# Data supplied

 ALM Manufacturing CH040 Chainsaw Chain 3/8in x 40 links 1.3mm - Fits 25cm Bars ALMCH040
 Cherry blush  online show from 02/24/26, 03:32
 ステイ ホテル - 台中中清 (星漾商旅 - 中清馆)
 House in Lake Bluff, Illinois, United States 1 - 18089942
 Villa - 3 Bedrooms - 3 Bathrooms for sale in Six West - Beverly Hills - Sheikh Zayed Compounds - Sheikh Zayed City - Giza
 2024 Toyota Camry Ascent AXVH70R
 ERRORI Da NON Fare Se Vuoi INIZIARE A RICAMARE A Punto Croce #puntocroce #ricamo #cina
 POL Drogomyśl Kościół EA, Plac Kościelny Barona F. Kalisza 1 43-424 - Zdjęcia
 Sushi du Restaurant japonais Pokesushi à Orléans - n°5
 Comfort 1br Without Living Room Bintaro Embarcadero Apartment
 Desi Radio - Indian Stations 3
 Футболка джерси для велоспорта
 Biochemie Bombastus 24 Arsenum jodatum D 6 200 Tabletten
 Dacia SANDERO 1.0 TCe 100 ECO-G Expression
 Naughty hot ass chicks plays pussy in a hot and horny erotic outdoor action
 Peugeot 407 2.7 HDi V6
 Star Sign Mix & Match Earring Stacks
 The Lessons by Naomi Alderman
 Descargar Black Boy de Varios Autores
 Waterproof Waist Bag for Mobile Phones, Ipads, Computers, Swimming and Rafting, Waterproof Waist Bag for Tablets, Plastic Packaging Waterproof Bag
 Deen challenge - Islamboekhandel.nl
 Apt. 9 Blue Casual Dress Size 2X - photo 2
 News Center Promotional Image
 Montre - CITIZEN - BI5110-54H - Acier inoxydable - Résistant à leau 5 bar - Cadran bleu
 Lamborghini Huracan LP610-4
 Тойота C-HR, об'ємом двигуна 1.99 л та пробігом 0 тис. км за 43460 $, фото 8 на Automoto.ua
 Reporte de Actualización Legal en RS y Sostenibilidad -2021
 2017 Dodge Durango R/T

# Work item
In the listing above, please copy exactly the lines from the first through the one that contains "2024 Toyota Camry Ascent AXVH70R", and no others.

# Response to the task
 ALM Manufacturing CH040 Chainsaw Chain 3/8in x 40 links 1.3mm - Fits 25cm Bars ALMCH040
 Cherry blush  online show from 02/24/26, 03:32
 ステイ ホテル - 台中中清 (星漾商旅 - 中清馆)
 House in Lake Bluff, Illinois, United States 1 - 18089942
 Villa - 3 Bedrooms - 3 Bathrooms for sale in Six West - Beverly Hills - Sheikh Zayed Compounds - Sheikh Zayed City - Giza
 2024 Toyota Camry Ascent AXVH70R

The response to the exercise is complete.